Passa appena una settimana e, giovedì scorso, sulla bacheca Instagram della leader dem compare un post, con un attacco contro Meloni di rara efficacia. «Orbán ha dichiarato che dopo le elezioni entrerà nei conservatori europei con Giorgia Meloni si legge - E Meloni lo accoglierà a braccia aperte, perché le sue non sono legate con le catene». Con tanto di hashtag # IlarisSalis. Il riferimento è al colloquio avvenuto poche ore prima tra la presidente del Consiglio e il premier ungherese avvenuto poche ore prima in un hotel di Bruxelles, dal quale Orbán è uscito spiegando l’entrata nell’Ecr di Meloni dopo le Europee.

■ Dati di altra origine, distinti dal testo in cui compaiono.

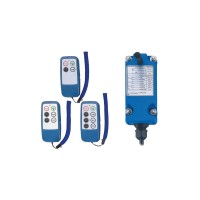 美國進(jìn)口Conductix無(wú)線(xiàn)電遙控器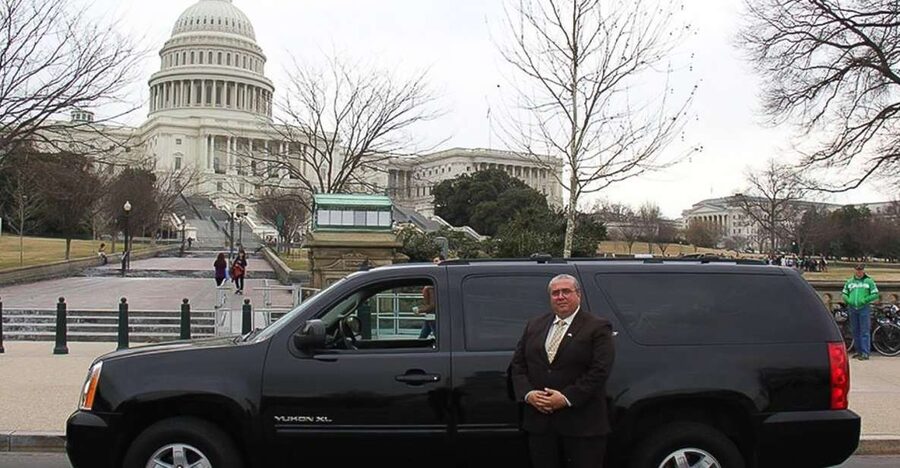 Washington DC: Multilingual Private Day or Evening SUV Tour - Key things to know before you go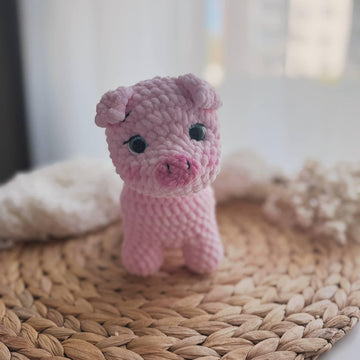 Pig Toy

Nelle stesse ore aumentavano le polemiche sulle condizioni di detenzione della ragazza italiana in carcere a Budapest da quasi un anno, e sul trattamento a lei riservato durante l’udienza in tribunale, con tanto di catene a mani e piedi.

Da Meloni nessuna risposta, ma raramente si era visto un attacco così pungente da parte della leader dem, e capace di cogliere nel segno in pochi caratteri.

Tra i due episodi si è poi inserita la risposta a Conte, reo di aver definito il Pd «un partito bellicista» in risposta allo stupore esplicitato da Roberto Speranza sull’indecisione del leader M5S di scegliere tra Biden e Trump. Da mesi buona parte del partito chiedeva alla segretaria di rispondere per le rime all’ex presidente del Consiglio, che pur riconoscendo la necessità dell’alleanza con i dem in ottica futura, non risparmia un giorno sì e l’altro pure critiche al Pd. «Chi attacca più noi che la destra di governo ha sbagliato strada», ha detto Schlein accompagnata da dichiarazioni di altri esponenti dem dal sapore ancora più amaro. «Non accettiamo lezioni da chi non ha titoli per impartircene», ha detto su queste colonne Matteo Orfini, mentre per Lorenzo Guerini «il Pd è stato ed è dalla parte della difesa della libertà e della sovranità dell’Ucraina, dalla parte del diritto internazionale, senza esitazioni o ambiguità».

Ma Schlein ha attaccato Conte anche sulla Rai, accusandolo in sostanza di far parte dell’accrodo di maggiroanza per spartirsi le poltrone del servizio pubblico. Il ledaer M5S non sarà infatti al sit- in di mercoledì davanti alla Rai, definito «ipocrita», e il commento della segretaria dem non lascia spazio ad equivoci. «Evidentemente non sentono come noi il problema e l’urgenza di intervenire rispetto all’uso propagandistico che questo Governo sta facendo della pubblica informazione», ha scandito la leader del Nazareno.

Insomma, un cambio di paradigma che ha come orizzonte il confronto in tv con la presidente del Consiglio prima delle Europee, ma che proprio in vista del voto di giugno, dove si voterà con il proporzionale, coinvolge anche il leader M5S. E finalmente, almeno su questo, Schlein può dire di avere dietro la maggioranza del partito.